## Task item
In the entries below, find the lines that include "Essex" and give their number as the whole reply.

## Given entries
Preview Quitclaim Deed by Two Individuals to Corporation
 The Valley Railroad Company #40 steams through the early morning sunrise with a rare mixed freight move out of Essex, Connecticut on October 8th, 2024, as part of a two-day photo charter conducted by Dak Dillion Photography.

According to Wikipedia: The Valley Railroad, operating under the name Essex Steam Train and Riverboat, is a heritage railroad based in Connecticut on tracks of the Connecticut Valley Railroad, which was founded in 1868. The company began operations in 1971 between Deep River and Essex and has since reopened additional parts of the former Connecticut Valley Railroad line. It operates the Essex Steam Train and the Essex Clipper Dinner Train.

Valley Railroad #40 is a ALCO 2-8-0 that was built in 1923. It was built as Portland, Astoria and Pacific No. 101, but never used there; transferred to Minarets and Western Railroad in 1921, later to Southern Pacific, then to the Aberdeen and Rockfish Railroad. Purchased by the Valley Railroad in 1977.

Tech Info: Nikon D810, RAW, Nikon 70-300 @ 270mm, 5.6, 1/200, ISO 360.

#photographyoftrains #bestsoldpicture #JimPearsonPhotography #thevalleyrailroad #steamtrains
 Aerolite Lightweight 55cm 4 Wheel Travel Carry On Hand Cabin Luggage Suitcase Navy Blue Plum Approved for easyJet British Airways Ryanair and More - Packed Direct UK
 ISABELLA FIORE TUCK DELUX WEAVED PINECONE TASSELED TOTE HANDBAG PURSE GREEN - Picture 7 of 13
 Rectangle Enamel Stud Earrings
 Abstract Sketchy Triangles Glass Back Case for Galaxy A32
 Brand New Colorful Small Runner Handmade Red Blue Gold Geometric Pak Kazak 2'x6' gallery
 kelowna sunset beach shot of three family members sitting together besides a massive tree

## Finished task
2